Panaji, Dec 16 (PTI) Rows of construction workers for whom the fight of namelessness is one of many on the road to survival hold up their names written in a hesitant drawl in photographer Samar Jodha’s expansive work, “Naming Those Consigned to Namelessness”.
Jodha encapsulates the epic anonymity of over 3,500 workers at Dubai’s Burj Khalifa in his show at the 10th Serendipity Arts Festival, exploring the idea of identity while conveying the struggles and dreams of a people who have been confined to the margins where names get blurred. About 1,200 of the workers, mostly from the global south, find representation at the Ranjit Hoskote curated show “Otherland”.
“Otherland”, a play on the trope of the motherland, brings together the practices of four Indian photographers - Jodha, Naveen Kishore, Ram Rahman and Ritesh Uttamchandani - who have been witness to the crises, predicaments, currents of unrest and occasions of turbulence in other societies.

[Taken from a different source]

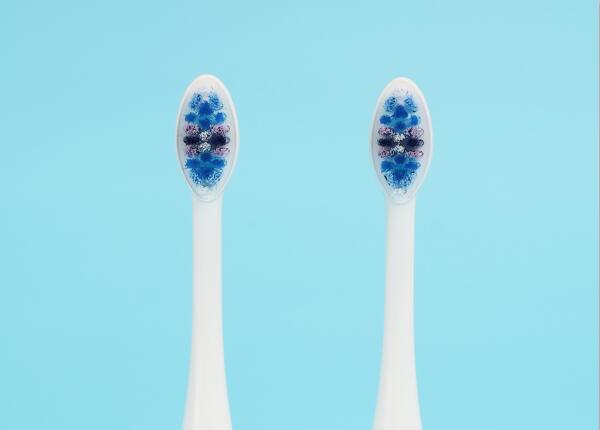 電動牙刷刷頭什么形狀好？平的好還是不平的好？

“I was looking at the people who were building it (Burj Khalifa), which doesn't have much value because the value doesn't exist even in our own country. And what's the biggest thing missing? Its human dignity,” Jodha told PTI.

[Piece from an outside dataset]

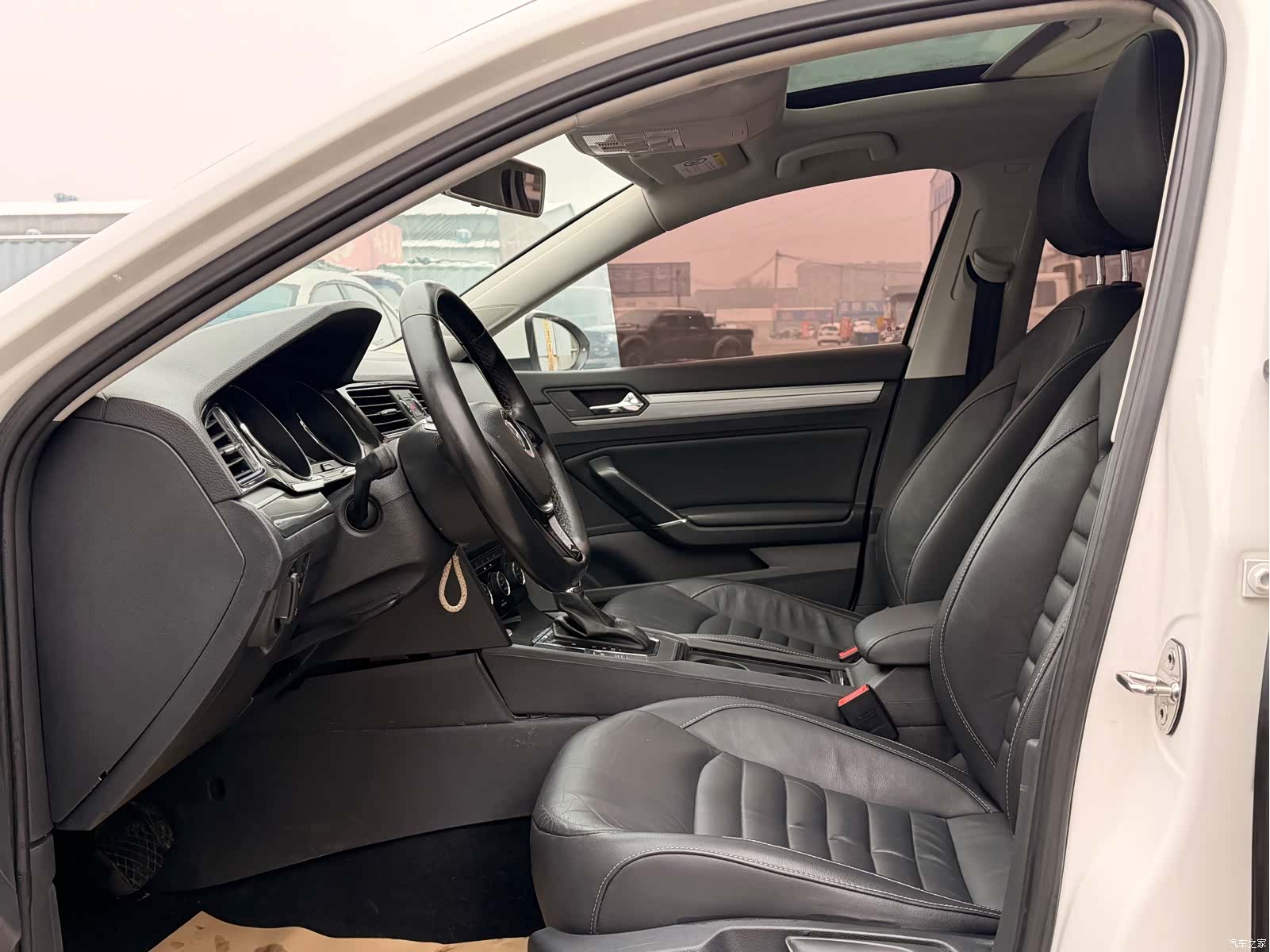 Volkswagen Lamando, 2018 11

For his over three-year project at the world’s tallest building, he asked the workers from nearly 30 nationalities to write their names and the idea of their identity on a board and stand in for a passport-style photograph.
“Most people, a lot of them, were never photographed before they got their passport. So we recreated that passport experience in that studio. And every morning they'd come. A lot of them didn't know how to write. So they had to learn how to write, so they could write the signature on their passport,” he said.

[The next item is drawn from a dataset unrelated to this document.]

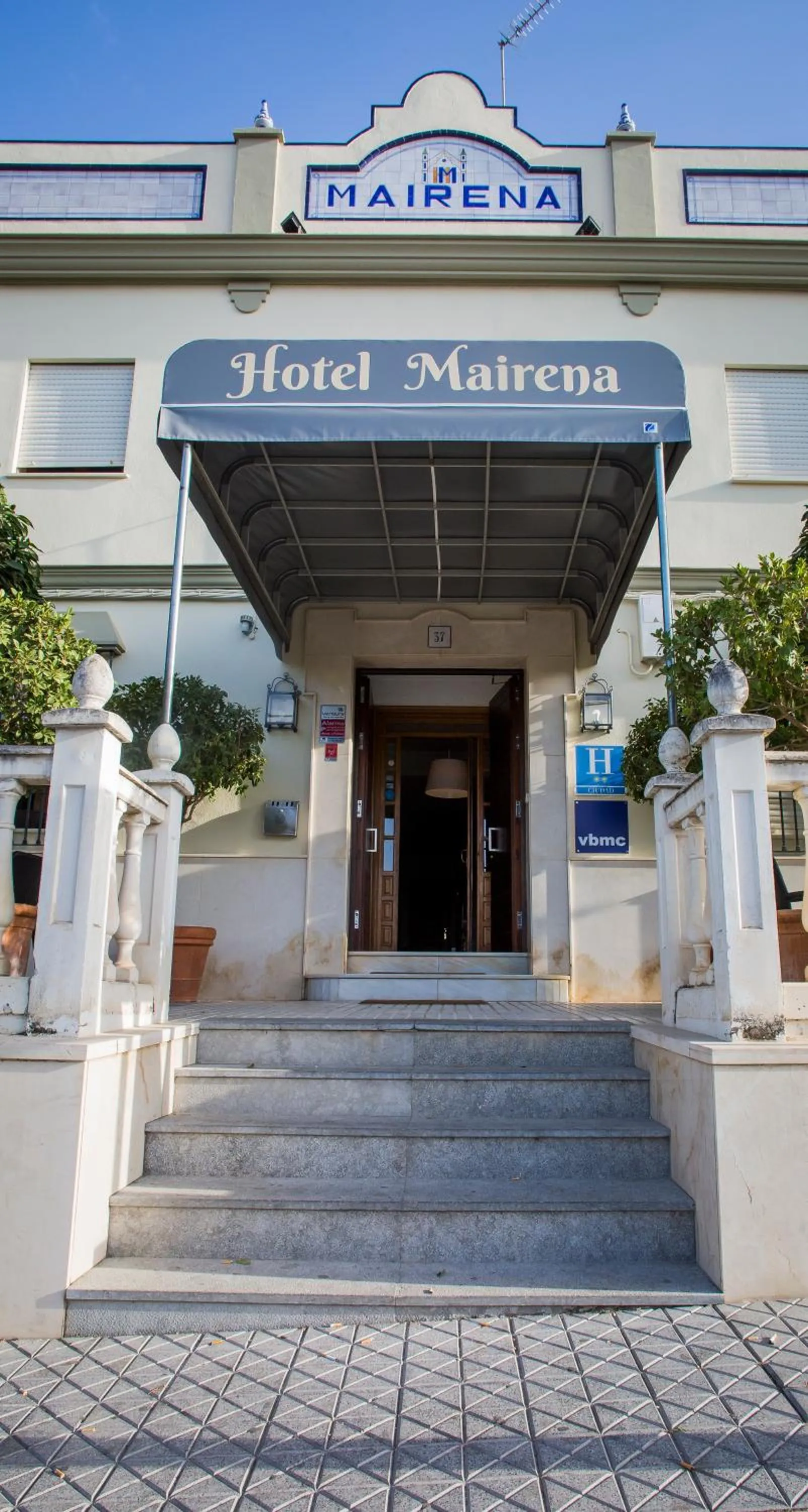 Facade/entrance in Hotel Mairena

By the end of it, Jodha had over 3,500 photographs of people who identified themselves by their names, thumbprints and even the numbers assigned to them at the construction site.
The group show features works across photographs, videos and texts, displaying collective unease and forms of solidarity against “the machines of oppression”, forms of labour and livelihood crafted at the margins, survival in inhospitable and hostile environments, and the artist as both witness and participant, an outsider essaying the role of an insider.
Where Jodha deals with the question of migrant identity, Uttamchandani explores the idea of being out of place in Manchester through photographs strung around conversations with his partner.
As Uttamchandani went around the city, he was met with derision, racism, and was called a paedophile for taking pictures, or for simply looking the way he does - an outsider.
In the text accompanying photographs, Uttamchandani narrates the incidents that marked his experience in Manchester that went from being an observer to being observed.
“People automatically assume that a man with a camera, Asian looking, is a paedophile. It's an assumption. Born from misunderstandings, lack of understanding, propaganda. There's also fear of the other, the outsider. I have no desire to become an insider. I know no matter how hard I try, I'm not going to be an insider,” he said.
From exploring the tourist spots to venturing into areas where he was less than welcome, Uttamchandani encountered protective mothers who called him a paedophile, brawlers who came for his money and drunken youth who told him to go back to India in expletives.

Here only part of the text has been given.